[What needs to be done] Beneath this line are entries. Copy the range from the line with "ORIGAMI 3D CYGNE" to the line with "Nyt udviklingsspor i", ends included, exactly; leave pictures out.
═════ Data section ═════
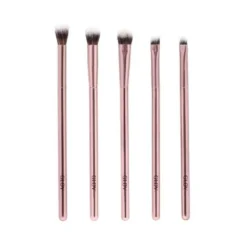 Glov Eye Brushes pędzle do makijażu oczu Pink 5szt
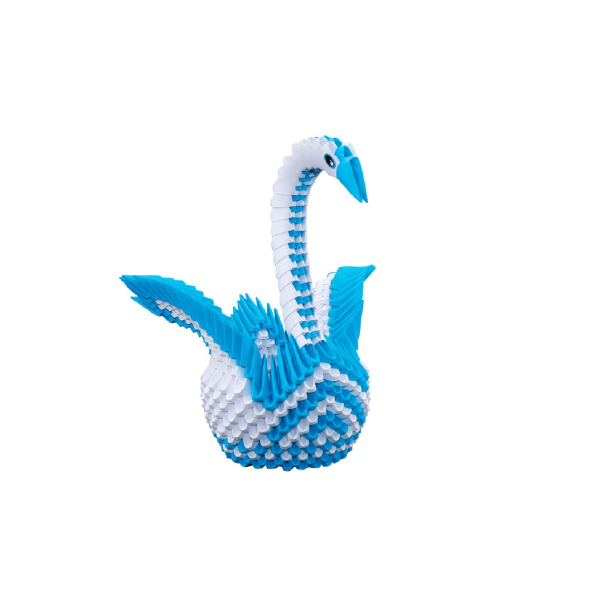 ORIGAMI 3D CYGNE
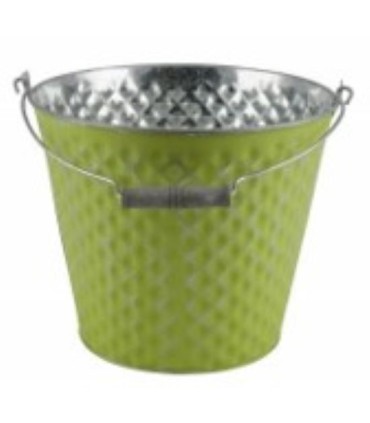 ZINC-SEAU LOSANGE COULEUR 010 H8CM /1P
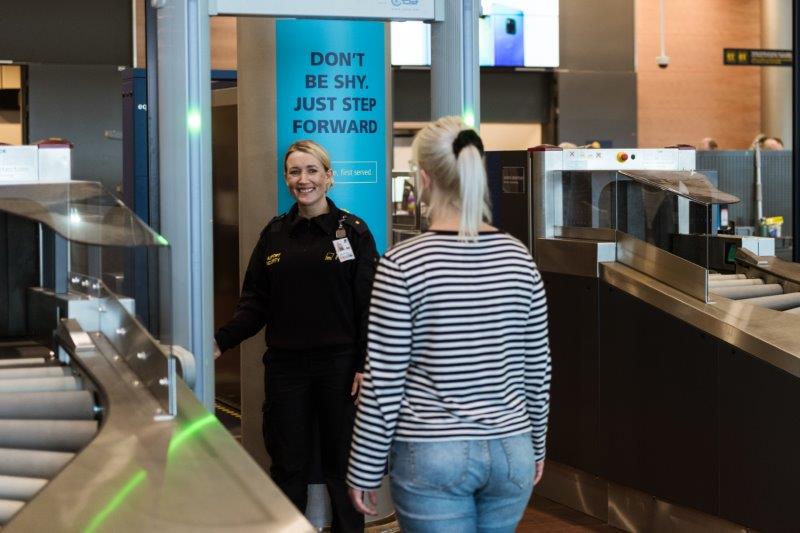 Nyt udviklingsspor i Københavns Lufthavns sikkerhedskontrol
═════
═════ Data section ═════
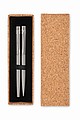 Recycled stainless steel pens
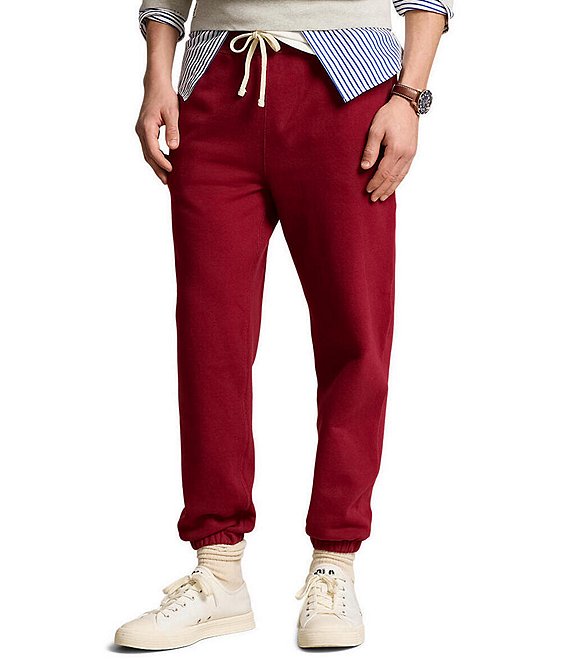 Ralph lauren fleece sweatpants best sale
═════
[Exercise answer]
 ORIGAMI 3D CYGNE
 ZINC-SEAU LOSANGE COULEUR 010 H8CM /1P
 Nyt udviklingsspor i Københavns Lufthavns sikkerhedskontrol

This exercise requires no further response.